Und es kommt noch schlimmer: Das Leben Gottes auf Erden endet mit Geißelung und Folter. Jesus wird bespuckt, geschlagen, mit Dornen gekrönt, zur Schau gestellt und verlacht. Er endet am Kreuz, sein Leben mit der Todesstrafe.
Warum tut Gott seinem Sohn und sich selbst das an?

Der Grund ist die Liebe zu seiner Schöpfung.

Gott möchte mehr von uns als unseren Gehorsam, er wünscht sich – so wie im Grunde wir alle (und da ist unsere Ähnlichkeit zu Gott besonders spürbar) – die Erwiderung seiner Liebe.
Am Oktavtag gedachte die Kirche früher (und die evangelische Kirche noch heute) der Beschneidung Jesu: Die menschliche Seite Jesu, die gehorsam unter dem jüdischen Gesetz steht, gerät in den Mittelpunkt.
Doch blinder Gehorsam wäre Gott viel zu einfach. Er sehnt sich nach seiner in Sünde verirrten Schöpfung und möchte, dass auch wir uns nach ihm sehnen. Und er macht es uns eigentlich ziemlich leicht:
Ein schwaches, wehrloses Kind in einer Krippe – man müsste gänzlich in Dunkelheit versunken sein, um kein Mitgefühl, keine Liebe zu empfinden.
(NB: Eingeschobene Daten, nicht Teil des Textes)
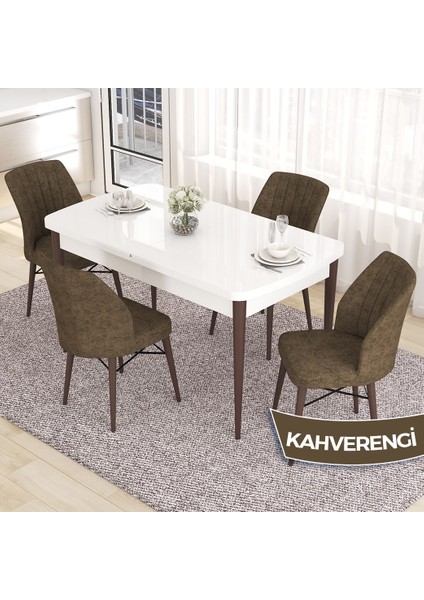 Concept Eva Serisi 80X132 Açılabilir Mdf Beyaz Masa Ceviz Ayak Mutfak Masa Takımı ve 4 Sandalye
Wäre er ein königlicher Herrscher, hätten wir vielleicht (mehr oder weniger) Gottes Geboten eine Zeit lang gehorcht. Wir hätten ihn aber niemals lieben können.
Nun wird Gott nicht nur als schwaches Kind geboren, sondern verzichtet sogar auf jeden Herrschaftsanspruch. Obendrein gibt er sein Leben für uns, seine Freunde, und für unsere Sünden dahin.

Gott handelt irrational um der Liebe willen.

Den Kreis schließen möchte ich, indem ich auf einen weiteren Namen zu sprechen komme:
Vor zwei Tagen, am 27.12., war der Gedenktag des Evangelisten Johannes, der in diesem Jahr ausnahmsweise vom Sonntag der Weihnachtsoktav verdrängt wurde.
Johannes zeigt uns in seinem Evangelium ein Beispiel wirklich verstandener mystischer Liebe Gottes. Der an Jesu Brust ruhende „geliebte Jünger“, der keines apostolischen Amtes bedarf (vgl. Joh 21,20-22) erinnert mich an den an Davids Brust ruhenden Jonathan. Vielleicht ist es kein Zufall, dass sich die Namen so ähneln und dass sie so dicht zusammen ihr Gedenken feiern.